The deal will create one of the country’s leading home builders with revenue of over £3bn.
The combined business will comprise a top tier house builder and a leading partnerships business, with capability across all housing tenures, and delivering much-needed affordable housing.
Vistry is forecasting that future operating profit from each division could top £400m, making in excess of £800m in total.
Under the terms of the deal, Countryside shareholders will receive 0.255 of a Vistry share for each of their shares plus 60p.
Five major shareholders in Countryside representing 39% of the shareholding have backed the planned takeover along with both boards.
The resulting combined business would see 45% or £1.9bn of revenue coming from Partnerships with house building representing 55% or £2.3bn from private house building.
It would hold a total land bank of over 80,000 plots – average of 162 plots per site. A further in-house strategic land capability will deliver land for both businesses, with nearly 70,000 total strategic land plots across 196 sites.
Directors at Vistry believe that the combined group can deliver at least £50m of cost savings by the end of the second year of completion.
Greg Fitzgerald, chief executive officer of Vistry, said: “This proposed combination has a highly compelling strategic rationale.
“It will create a leader in the partnerships housing sector, with the scale and expertise to accelerate profitable growth across both partnerships and house building, and expand the delivery of much-needed affordable housing across England.
“The proposed combination will add the strength of the Countryside brand to Vistry’s own well-established Bovis Homes and Linden Homes brands and will leverage the skills and market knowledge of both the Countryside and Vistry teams.
“We believe there is clear potential to generate material value for both Vistry and Countryside shareholders and wider stakeholders from a combined group with enhanced scale and superior returns and to improve the performance of key parts of Countryside’s business.
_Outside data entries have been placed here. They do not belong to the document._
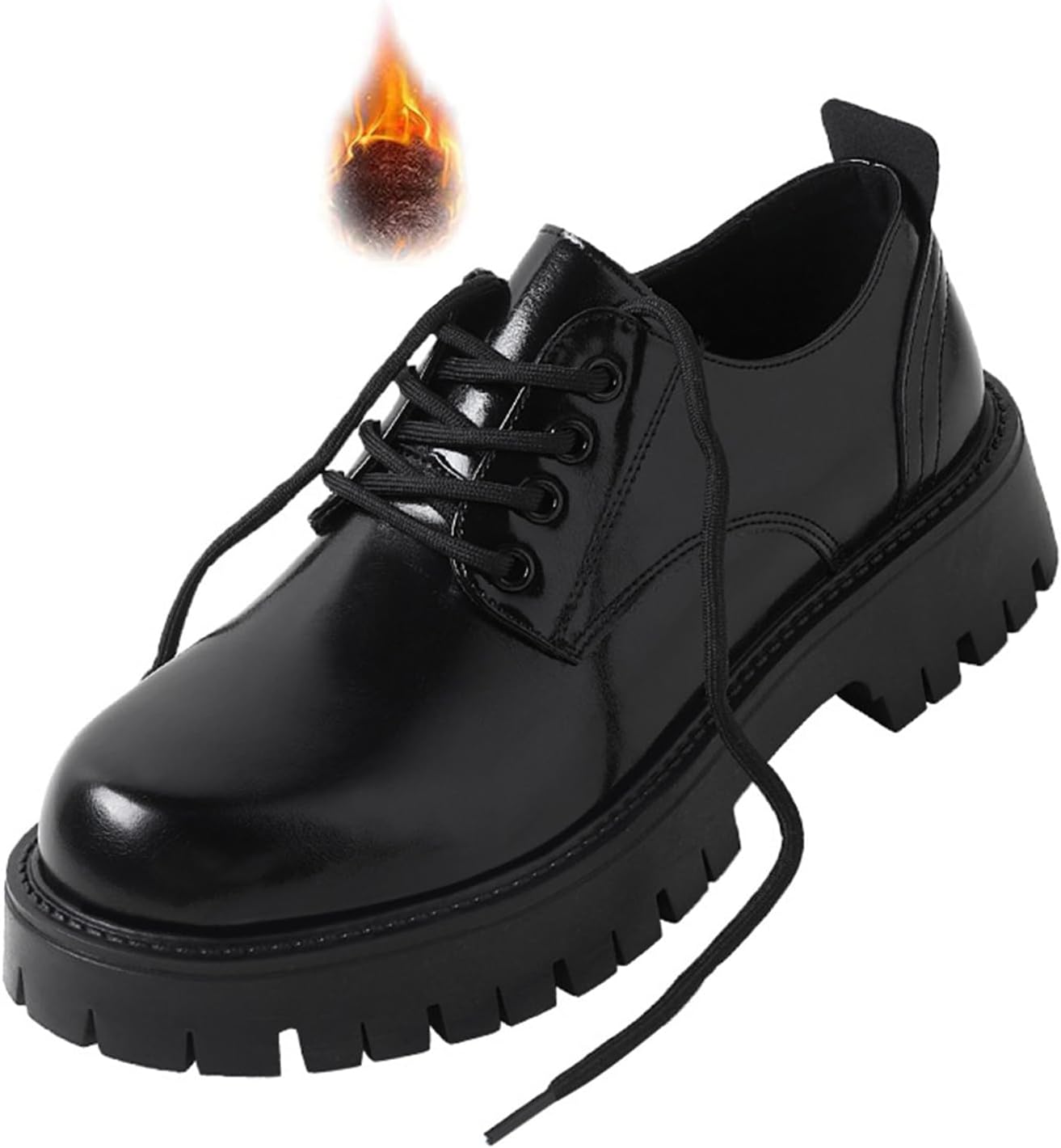 

Мужские кожаные туфли-оксфорды на платформе с массивным каблуком, классическим округлым носком, шнуровкой, рифленой подошвой, мягкой стелькой, для работы и деловых мероприятий, противоскользящие, с эффектом увеличения роста, дерби Qooel, черный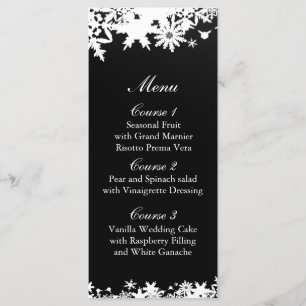 Menu Casamento no inverno de flocos de neve pretos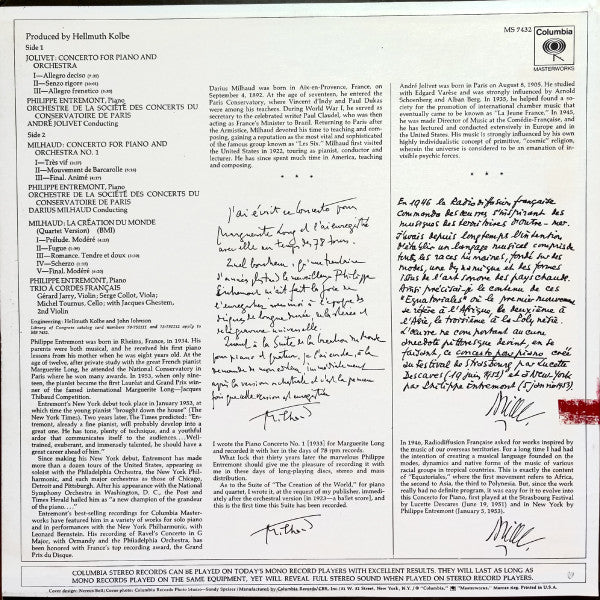 Philippe Entremont, Darius Milhaud / André Jolivet The Composers Conducting Orchestre De La Société Des Concerts Du Conservatoire / Trio À Cordes Français* : Piano Concerto No. 1 / Piano Concerto / La Création Du Monde (LP)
“We welcome the support of the Countryside board and the support we have already received from a significant proportion of Countryside shareholders.”
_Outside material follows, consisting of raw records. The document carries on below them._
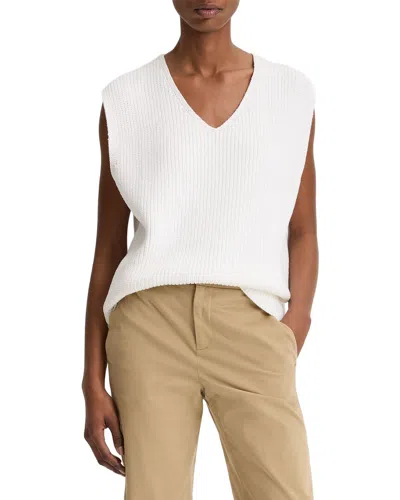 Vince Relaxed V-neck Vest In White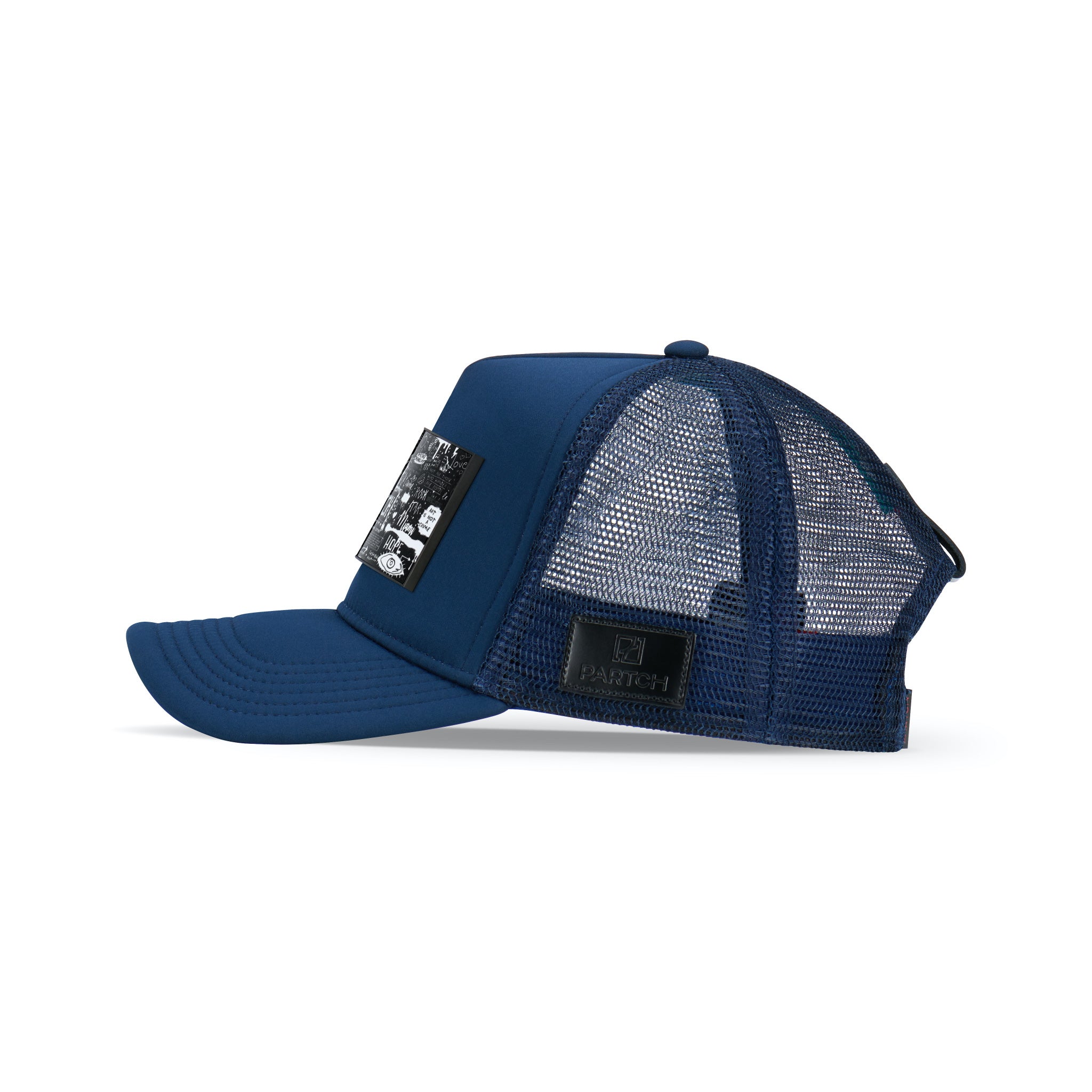 Partch Trucker Hat Navy Blue with PARTCH-Clip Pop Love Side  View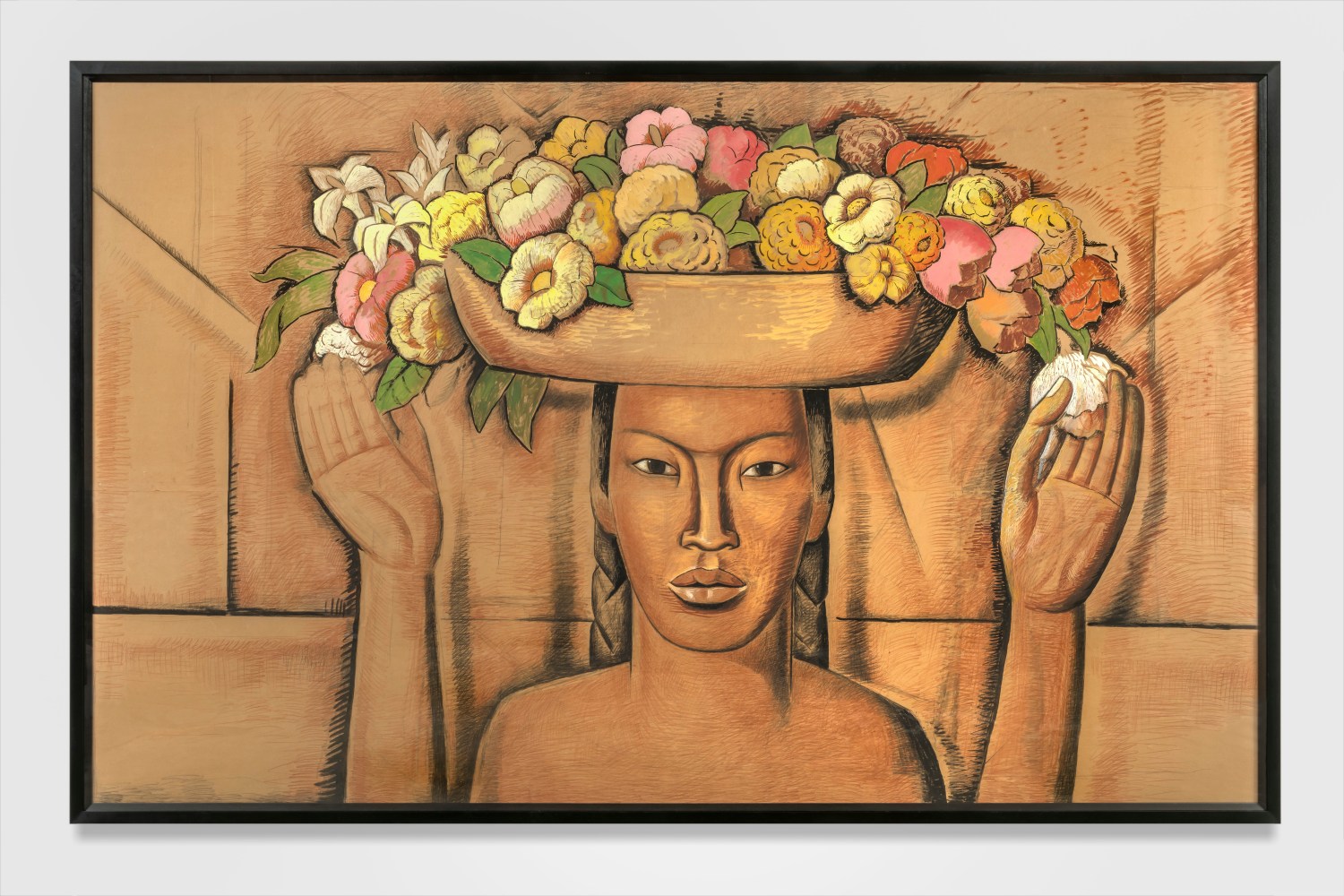 Alfredo Ramos Martínez (1871-1946)  Mural Study for Vendedoras de Flores (Scripps College), c. 1945   Conté crayon and tempera on butcher paper mounted on nonwoven polyester sheet  87 x 138 inches;  221 x 350.5 centimeters LSFA# 14731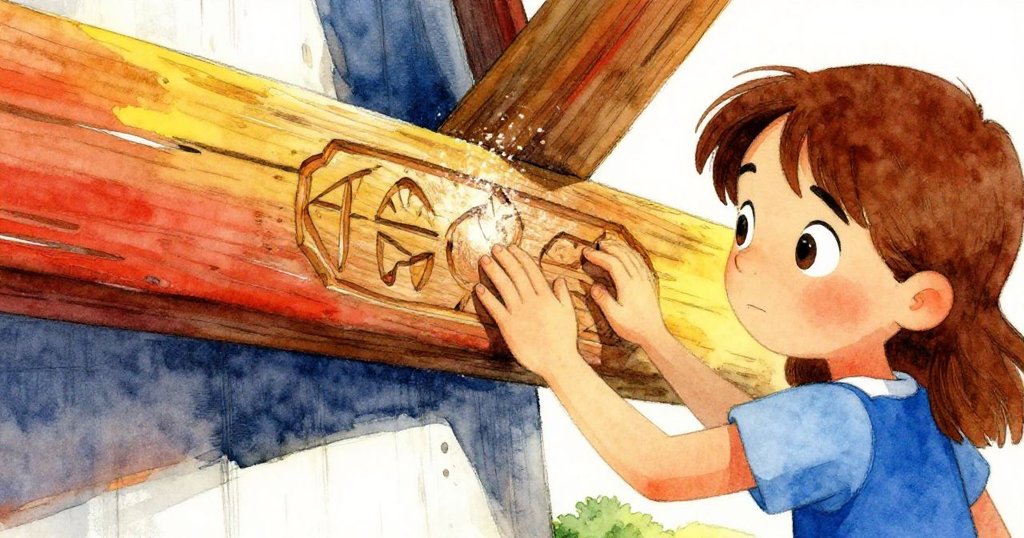 橄欖在磨坊內仔細觸摸牆上刻痕，麵粉緩聚成畫，手指輕觸木紋，表情專注而充滿好奇。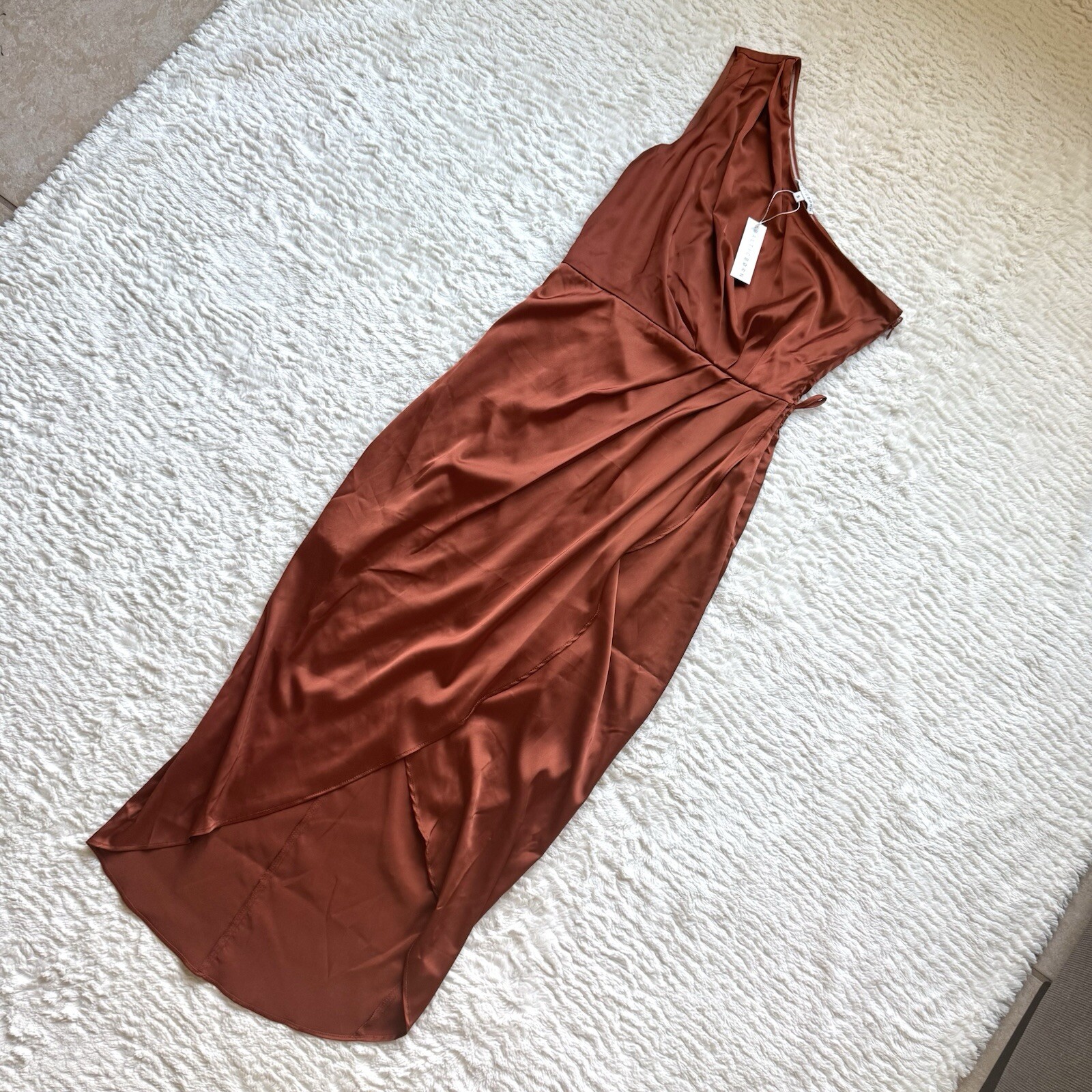 Baltic Born Celia Satin One Shoulder Midi Dress S Rust Pleated Belted NWT Silky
Douglas Hurt, the chairman of Countryside, said: “The combination will create a leading, enlarged partnerships business and is an opportunity to leverage both Countryside’s brand and place-making experience with the growing Vistry partnerships business, alongside Vistry’s established housebuilding business.
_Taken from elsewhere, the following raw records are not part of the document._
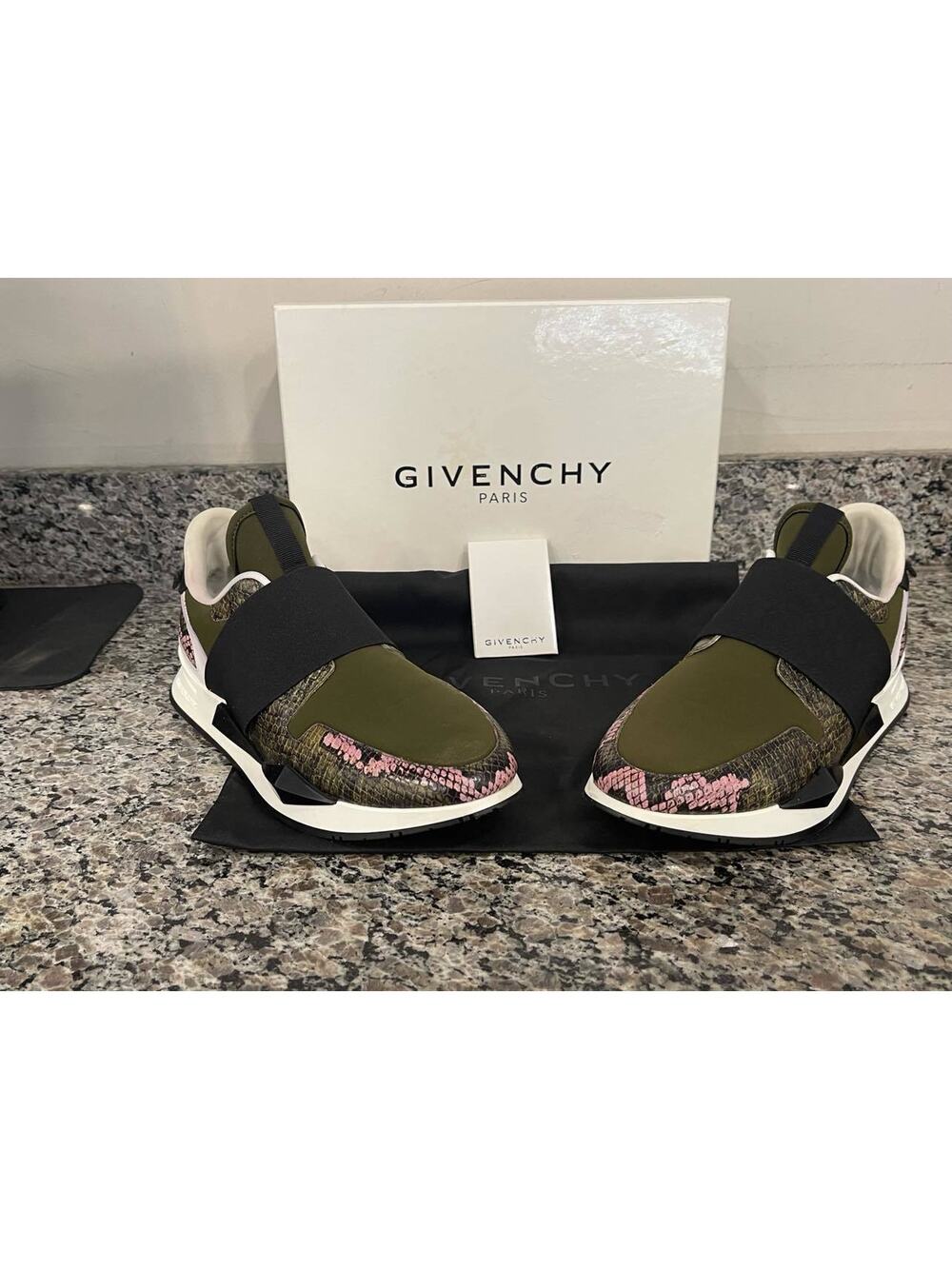 Givenchy Trainers Elastic In Olive Green/Snakeskin US W Size 11 SPB SJ 325969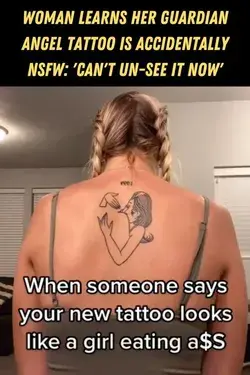 Woman Learns Her Guardian Angel Tattoo Is Accidentally NSFW: 'Can't Un-See It Now'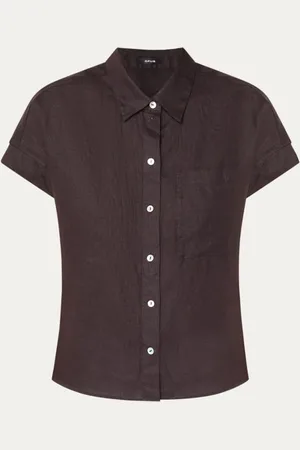 Opus Felisa blouse van linnen met borstzak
“The scale of the combined group will enable the delivery of synergies, operating efficiencies and further growth for the benefit of Countryside Shareholders and wider stakeholders.”
Under the new board structure, Tim Lawlor will join the executive leadership team in his capacity as chief financial officer; and Earl Sibley, currently chief financial officer of the Vistry Group, will assume the position of chief operating officer.
Stephen Teagle will lead the Partnerships business of the combined group as chief executive of the partnerships division and Keith Carnegie will lead as chief executive of the housebuilding division.
The takeover is expected to complete by the end of the first quarter of 2023.